In the proposed algorithm, we focus only on the error value defined as the difference between the buffer inflow and outflow. This means the algorithm focuses only on the change rate of the play buffer, not the amount of the media data left (i.e., buffer level) in the buffer. As shown in Fig. 4, the buffer change rate well reflects bandwidth information if the client always strive to fetch next data segments with the best effort. This also assumes that the client has the play buffer of infinite capacity (or as large as the media file size). However, the capacity is limited in practice. When the play buffer is full, even though with infinite network bandwidth, the segment download interval is equal to the play time of each segment, because the next segment can be transmitted only after the segment in the head is removed from the buffer. Then, assuming the play time of all segments are equal, the error value becomes always less than or equal to zero from (2). This means the server cannot distinguish whether the buffer is full or is in the steady state of Fig. 4. Therefore, without a proper compensation mechanism, switching to the higher media quality cannot happen in this case.

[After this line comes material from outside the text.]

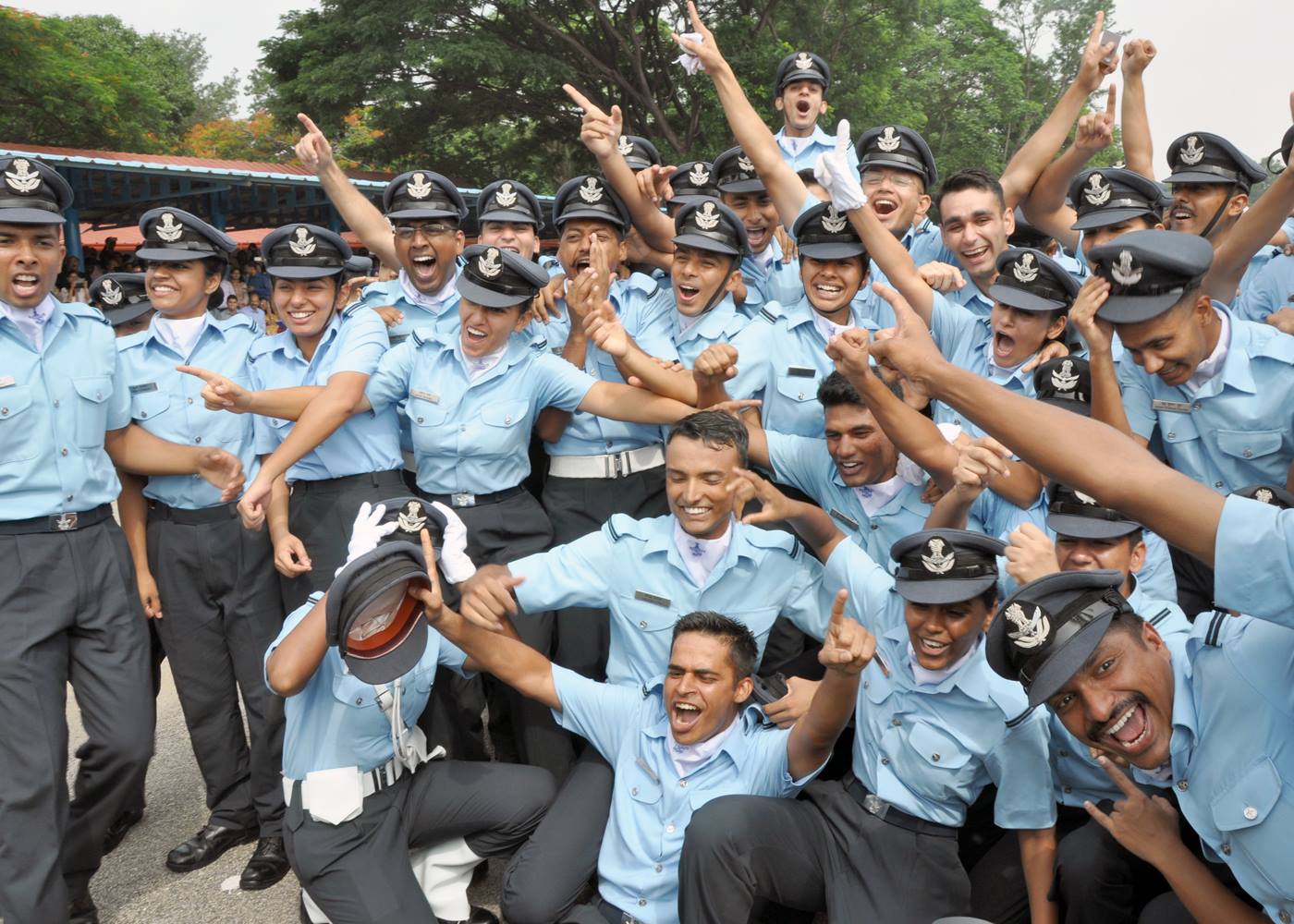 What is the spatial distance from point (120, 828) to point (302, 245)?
259 cm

To mitigate this problem, we have designed a simple heuristic control algorithm that considers the amount of data available in the playback buffer. If the buffer level P k exceeds a pre-defined threshold λ, it increases the estimated error value E k with the amount of β × L k . In fact, this is equivalent to increase the measured bandwidth with the ratio of β. Let the ratio between play time of a segment and delivery interval is r, as follows:

$$ r = \frac{L_{k}}{T_{k} - T_{k-1}} $$
(3)

Note that r contains the bandwidth information. For instance, when T k T k − 1 is 0.5 s when L k is 1 s, it means the bandwidth is twice the k-th segment bitrate. After applying the heuristic, r becomes r′ equal to the following.

$$ r^{\prime} = \frac{L_{k} + \beta L_{k}}{T_{k} - T_{k-1}} = (1 + \beta) \frac{ L_{k}}{T_{k} - T_{k-1}} = (1+\beta) r $$
(4)

From the definition of r, this is equivalent to the case that the estimated bandwidth is increased by the factor of β. Consequently, the control algorithm will try to increase the quality more as if they have sufficient bandwidth for further increasing media bitrate, and the amount of the additional increase can be controlled by adjusting the parameter β.

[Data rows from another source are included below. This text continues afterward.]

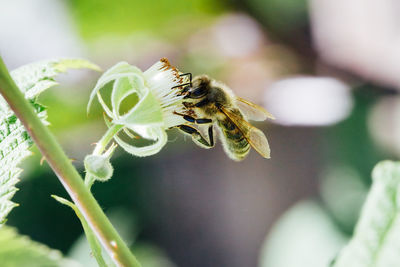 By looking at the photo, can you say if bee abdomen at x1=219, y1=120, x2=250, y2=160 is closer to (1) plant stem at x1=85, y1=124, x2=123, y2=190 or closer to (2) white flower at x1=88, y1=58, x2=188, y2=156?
(2) white flower at x1=88, y1=58, x2=188, y2=156

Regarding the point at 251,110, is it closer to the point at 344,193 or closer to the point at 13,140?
the point at 13,140

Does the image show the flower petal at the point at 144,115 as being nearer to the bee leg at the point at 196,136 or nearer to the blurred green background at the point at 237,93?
the bee leg at the point at 196,136

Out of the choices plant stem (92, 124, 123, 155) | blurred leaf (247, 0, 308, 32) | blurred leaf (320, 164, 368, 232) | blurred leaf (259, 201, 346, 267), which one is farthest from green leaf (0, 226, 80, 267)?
blurred leaf (247, 0, 308, 32)

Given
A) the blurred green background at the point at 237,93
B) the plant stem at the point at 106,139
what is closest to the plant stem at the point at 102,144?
the plant stem at the point at 106,139

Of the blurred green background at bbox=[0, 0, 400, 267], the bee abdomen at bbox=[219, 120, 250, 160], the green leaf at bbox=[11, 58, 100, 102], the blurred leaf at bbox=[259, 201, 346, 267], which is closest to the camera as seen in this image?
the green leaf at bbox=[11, 58, 100, 102]

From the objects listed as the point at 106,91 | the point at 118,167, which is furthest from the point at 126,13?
the point at 118,167

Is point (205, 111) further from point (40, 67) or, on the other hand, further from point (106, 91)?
point (106, 91)

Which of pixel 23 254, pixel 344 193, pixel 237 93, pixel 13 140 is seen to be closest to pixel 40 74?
pixel 13 140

Some existing bitrate selection algorithms [2, 4] have adopted proportional-integral (PI) controlling schemes to address this issue. In such schemes, the integrator accumulates error values, and the accumulated value is used to compensate steady state error. However, adopting the integrator may complicate the system because careful parameter calibration is required to prevent the possibility of unstable system responses. We believe that the presented method is the better alternative which is easier to implement and tune.

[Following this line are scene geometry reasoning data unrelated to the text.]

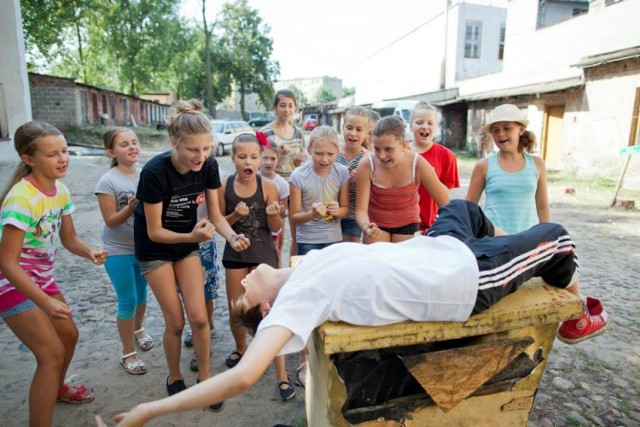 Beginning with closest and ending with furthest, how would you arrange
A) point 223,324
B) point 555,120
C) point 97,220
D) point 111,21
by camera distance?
point 223,324 → point 97,220 → point 555,120 → point 111,21

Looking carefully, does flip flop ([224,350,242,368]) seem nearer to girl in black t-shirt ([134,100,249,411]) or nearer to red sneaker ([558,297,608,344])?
girl in black t-shirt ([134,100,249,411])

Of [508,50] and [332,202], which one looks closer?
[332,202]

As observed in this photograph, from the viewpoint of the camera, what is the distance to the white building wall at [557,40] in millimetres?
12031

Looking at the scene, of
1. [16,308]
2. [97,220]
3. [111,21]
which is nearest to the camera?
[16,308]

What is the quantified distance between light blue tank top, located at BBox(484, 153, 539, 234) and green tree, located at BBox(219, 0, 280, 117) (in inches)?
1586

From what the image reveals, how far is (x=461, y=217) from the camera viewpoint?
2.47 metres

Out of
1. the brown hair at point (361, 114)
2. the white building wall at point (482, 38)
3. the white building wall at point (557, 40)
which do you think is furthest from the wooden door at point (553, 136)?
the brown hair at point (361, 114)

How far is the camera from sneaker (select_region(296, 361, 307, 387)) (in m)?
2.97

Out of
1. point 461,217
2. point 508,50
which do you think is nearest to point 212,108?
point 508,50

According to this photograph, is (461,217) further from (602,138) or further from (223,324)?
(602,138)

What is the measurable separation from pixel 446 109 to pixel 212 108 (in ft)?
66.4

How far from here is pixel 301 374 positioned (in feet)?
9.91

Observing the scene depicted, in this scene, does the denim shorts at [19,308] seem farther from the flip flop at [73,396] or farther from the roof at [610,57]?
the roof at [610,57]

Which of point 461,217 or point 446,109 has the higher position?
point 446,109
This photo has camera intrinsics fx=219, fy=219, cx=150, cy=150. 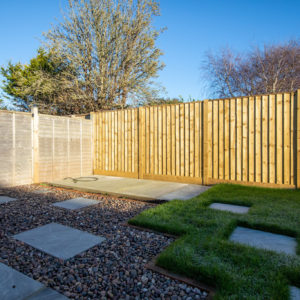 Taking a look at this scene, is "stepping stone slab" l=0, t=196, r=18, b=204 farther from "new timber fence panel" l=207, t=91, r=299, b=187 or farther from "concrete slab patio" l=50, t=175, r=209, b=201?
"new timber fence panel" l=207, t=91, r=299, b=187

5.5 Analytic model of delayed response with live-transcoded media sources

When the media stream is live-transcoded, some response delay is inevitable due to transcoding and server side segment queuing. It affects the behavior of the proposed quality control mechanism. In this subsection, we model the activity of the control algorithm in terms of the response delay. The main goal of the modeling is to estimate the value of control parameters to meet the given system condition. The estimated values are the starting point in fine-tuning the parameters to optimize the control algorithm performance. For brevity, we introduce only the modeling process for the high-to-low case because it is more important for preventing a play stall.

Figure 6 illustrates an example in which the available bandwidth decreases from R α to R. We denote the ratio between the bandwidths as α. In the figure, each dot indicates an event of segment delivery. We first separate the response of the system for two regions, A and B. Region A indicates the systematic delay, and region B is the result of delay caused by limiting decrease gain G D o w n . Let the number of segment delivery events in each region be equal to N and M, respectively. First, the minimum buffer level can be calculated by subtracting the play time of the delivered segment from the delivery time. Therefore, the required playback buffer level to eliminate play stall is as follows.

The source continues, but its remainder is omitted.